Sur la troisième question, le niveau de connaissance de la population est très appréciable quant aux dispositions à prendre pour éviter la maladie.
Comment mieux communiquer pour combattre Ebola?
Cecode-Guinée étant convaincu que :
– Il n’y a pas de communication sans « réponse en retour » qui permette à l’émetteur de vérifier qu’il a été entendu et compris ;
– Il n’y a d’information véritablement reçue qui ne soit pas au préalable désirée ;
Cette observation permet de tirer une conclusion d’ordre pédagogique : tout apport d’information, quelle que soit la technique employée pour l’apporter doit être précédé de la compréhension des représentations des citoyens en vue de faciliter l’appropriation de l’information.
Pour étayer cette conclusion, Jean Louis Martinand a expérimenté dans un cadre purement didactique le concept objectif-obstacle.

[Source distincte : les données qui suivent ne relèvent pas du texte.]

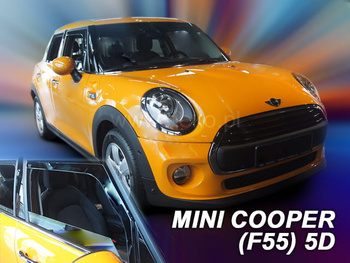 Owiewki przód MINI COOPER / ONE (F55)(IIIgen) 5D 2014R. →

Dans le cadre de la lutte contre le virus Ebola, le premier niveau d’objectif est d’utiliser les canaux de communications disponibles pour informer les citoyens sur les mesures d’hygiène à observer. Il se trouve qu’avec ce sondage que nous venons de réaliser, il apparait encore, les obstacles qui font barrière pour une meilleure appropriation des messages sur l’épidémie d’Ebola. C’est là où Jean Louis Martinand propose d’utiliser la caractérisation de l’obstacle comme mode de sélection de l’objectif : Deuxième niveau d’objectif.

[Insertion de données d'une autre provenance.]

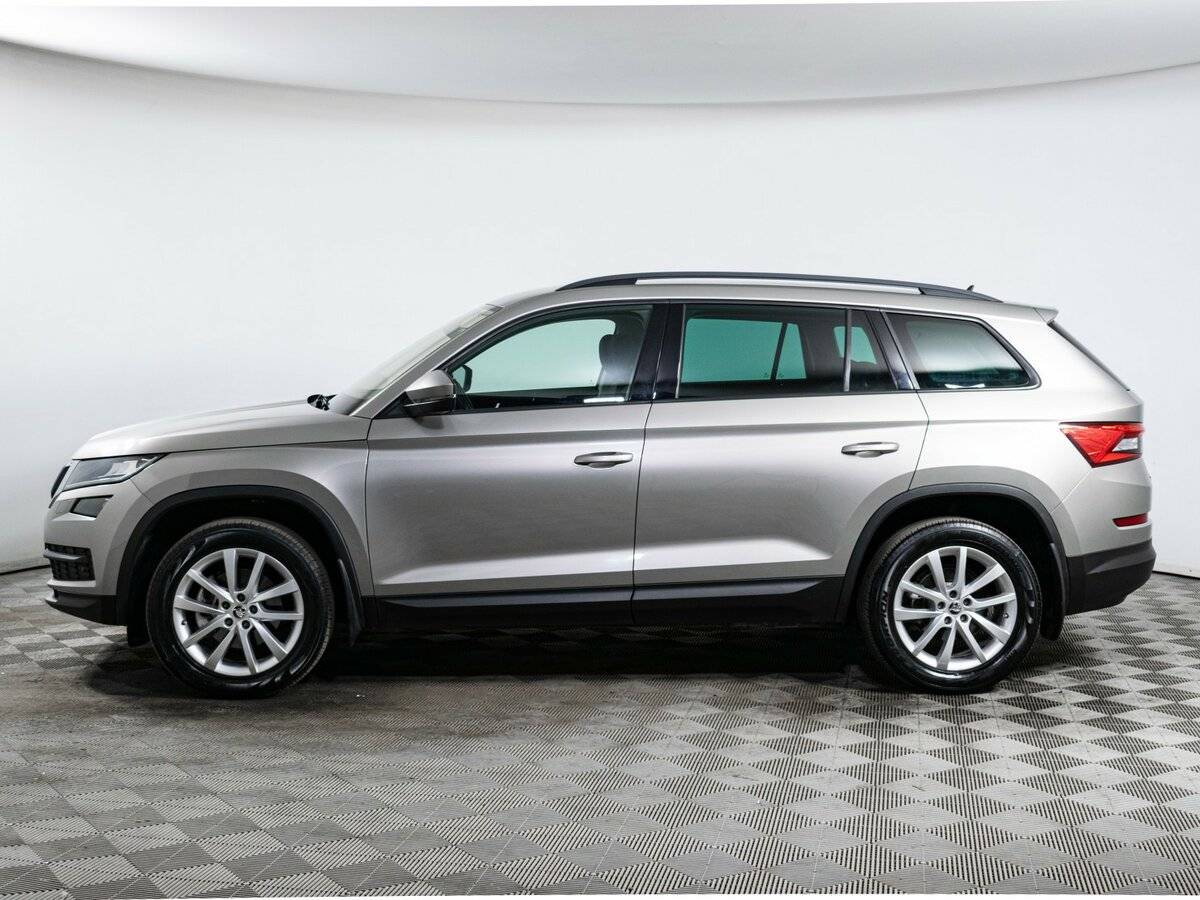 Купить Skoda Kodiaq, 2018, 108 290 км.. Фото: #7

Jean Louis Martinand et collègues poursuivent, qu’il ne faut pas sous-estimer l’obstacle si l’on veut pouvoir le franchir, mais il faut le penser d’une manière qui rende possible son dépassement.

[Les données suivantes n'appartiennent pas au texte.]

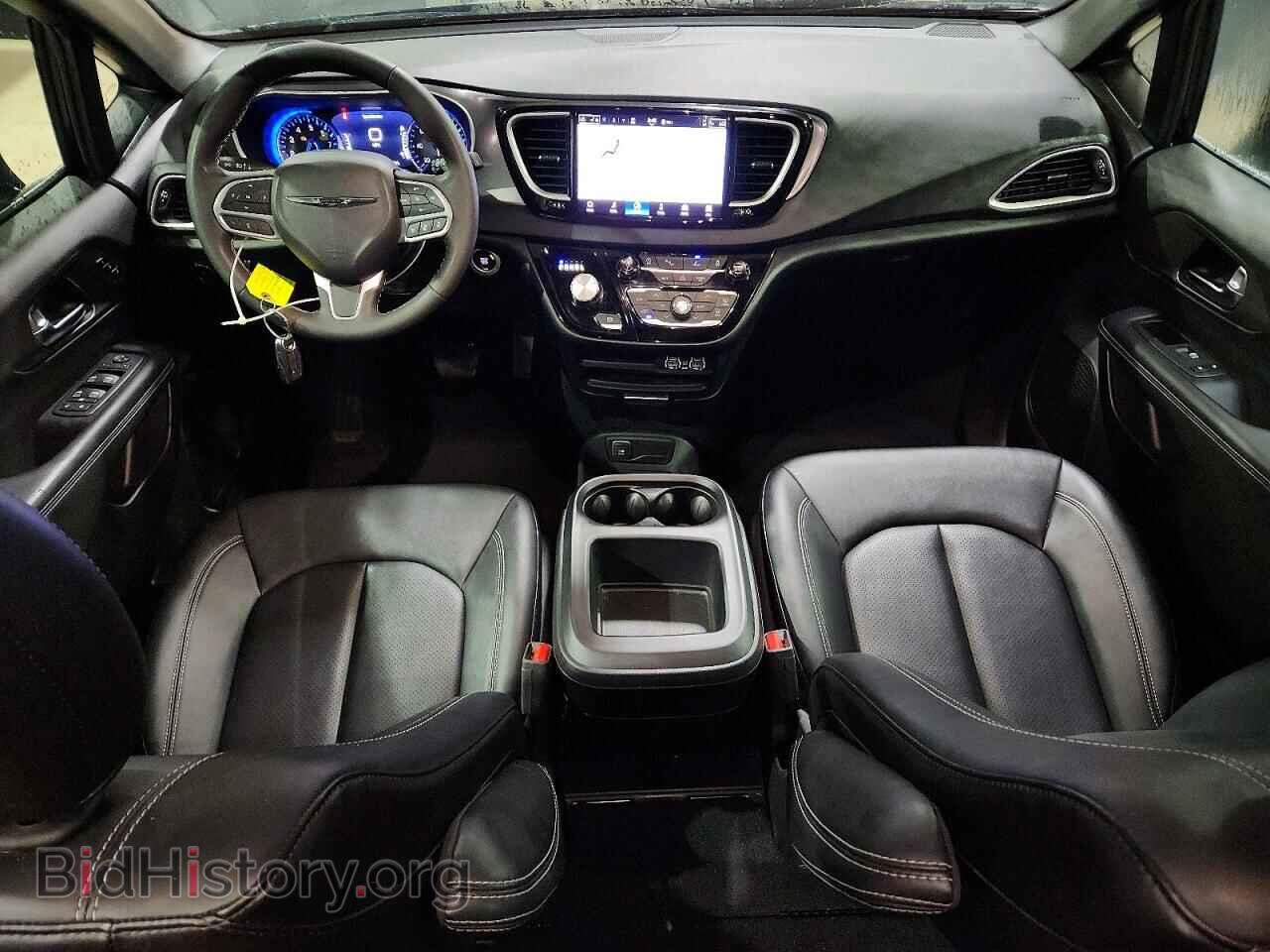 2025 CHRYSLER PACIFICA - VIN: 2C4RC1BG8SR516694 - Photo 8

Dans le cadre de la lutte contre le virus Ebola, Cecode-Guinée propose comme démarche de :
– Rencontrer les personnes qui ont des représentations erronées dans le cadre d’un porte à porte que nous projetons très prochainement. Les contacts téléphoniques de certaines des personnes interrogées sont disponibles ;
– D’approfondir la discussion avec ces personnes pour cerner les contours de leurs a priori ;
– Favoriser des confrontations en apposant des témoignages concrets aux représentations erronées en vue de déstabiliser ces personnes dans leurs positions ;
– Faire des synthèses en terme de disposition pratique sur la nouvelle réalité souhaitée pour prévenir l’épidémie d’Ebola.
Nous estimons que pour une lutte efficace contre le virus Ebola, le rapport à l’information doit être pris au sérieux car une seule résistance à cause des préjugés sur les mesures d’hygiène à observer est un danger potentiel pour la population. C’est dans ce cadre précis que cecode-Guinée compte s’investir pour apporter sa contribution d’ordre pédagogique dans le sens de l’amélioration du système de communication jusque-là mis en place.